Comme je venais de me mettre sur le tard au piano, après quarante ans de guitare classique, l’occasion était belle de parler de ce roi des instruments, de ses exigences, de son répertoire pour débutants. Simonetta Sommaruga m’avait conseillé de déchiffrer certaines mazurkas de Chopin plutôt que des sonates de Mozart. Elle était fascinée, m’avait-elle dit, par la capacité du compositeur polonais de créer tout un climat en deux seules pages de partitions. Elle avait plaisamment proposé au pianiste débutant de lui envoyer une vidéo de son interprétation d’une de ces fameuses mazurkas quand il l’aurait maîtrisée. Mais une année plus tard, c’est toujours la «sonata facile», pas si facile que ça d’ailleurs, de Mozart qui est posée sur le lutrin.
Durant toute cette promenade, la conseillère fédérale avait fait preuve d’une parfaite bienveillance à l’égard des participants de cette randonnée. Il y a indéniablement une grande classe chez cette femme. Dans le geste, dans la parole, dans le regard. On la qualifie souvent de réservée. Elle est en fait d’abord et surtout d’une parfaite modestie. Aucun besoin ni envie chez elle de briller. Sa grande intelligence et sa vaste culture s’expriment naturellement, au fil de la conversation, sans impatience, sans esbroufe. Restera-t-elle pour autant dans l’histoire comme une grande conseillère fédérale? Une question qui n’a guère de sens dans un pays dont la Constitution, on l’oublie souvent, accorde en fait très peu de pouvoir au gouvernement central. Ce qui est sûr, c’est que, durant ses douze années au Conseil fédéral, la pianiste aura toujours fait preuve de pragmatisme et démontré qu’elle connaissait ses dossiers.
Et son mari, cause involontaire de la retraite politique sinon précipitée du moins accélérée de Simonetta Sommaruga? Qui est ce quasi-inconnu des Romands? Notre confrère de la Schweizer Illustrierte Werner De Schepper avait rencontré l’écrivain chez lui, dans sa maison près de Berne. Et cette interview avait fait sinon scandale du moins passablement de bruit.
Lukas Hartmann avait en effet ouvertement parlé d’une décision privée de son couple: après trente ans de vie commune et vingt ans de mariage, les deux époux avaient décidé de vivre séparément, mais sans se séparer. «C’est une manière créative de gérer ce que nous avons vécu ensemble ces dernières années. Nous essayons d'inventer quelque chose de nouveau en vivant chacun chez soi. (…) Le week-end, nous nous retrouvons: moi chez toi ou toi chez moi? La routine a disparu.»
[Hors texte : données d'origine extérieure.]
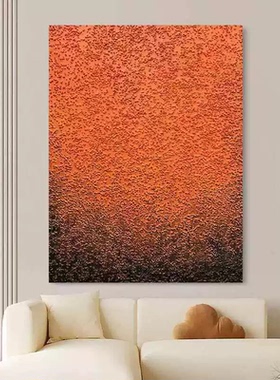 简约手绘画红色《石来运转》玄关现代抽象装饰画背景沙发墙落地画
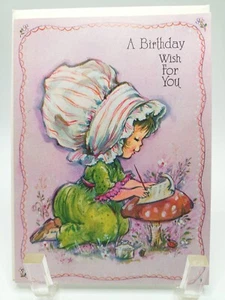 Vintage Greeting Card Birthday Girl Mushroom 1960s Unused - Picture 1 of 5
L’écrivain, dont l’interview avait été relue et approuvée par sa femme, était même allé plus loin dans la confidence: «Oui, notre amour a bien sûr évolué au cours de ces trente années. Et maintenant, nous faisons avec. Il y a trente ans, personne n'aurait imaginé les chemins que nous prendrions tous les deux. Si quelqu'un nous avait dit à l'époque que cette femme deviendrait un jour conseillère fédérale, elle-même ne l’aurait jamais cru!»
Et Lukas Hartmann s’était félicité de la disparition de la routine, de l’improvisation des vacances en couple et avait même évoqué la possibilité d’une séparation au sens propre que cet éloignement risquait peut-être d’induire.
Cette merveilleuse démonstration de liberté et de confiance mutuelles n’avait pas plu à tout le monde. Des tartufes en tous genres avaient qualifié ces confidences de déballage dégoûtant, de trahison vis-à-vis de la politicienne. Pour une fois que l’évocation de la vie privée à ce niveau-là était intéressante, sincère et avait du sens.
C’était un témoignage haut de gamme sur la liberté réciproque que se doivent deux partenaires au XXIe siècle, un témoignage aussi sur la nécessité pour tout couple exigeant de lutter contre la routine, ce poison mortel de l’amour.
La santé de l’écrivain vient de décider d’une autre configuration de leur vie commune. Nous souhaitons aux deux partenaires de relever avec la même classe ce nouveau défi.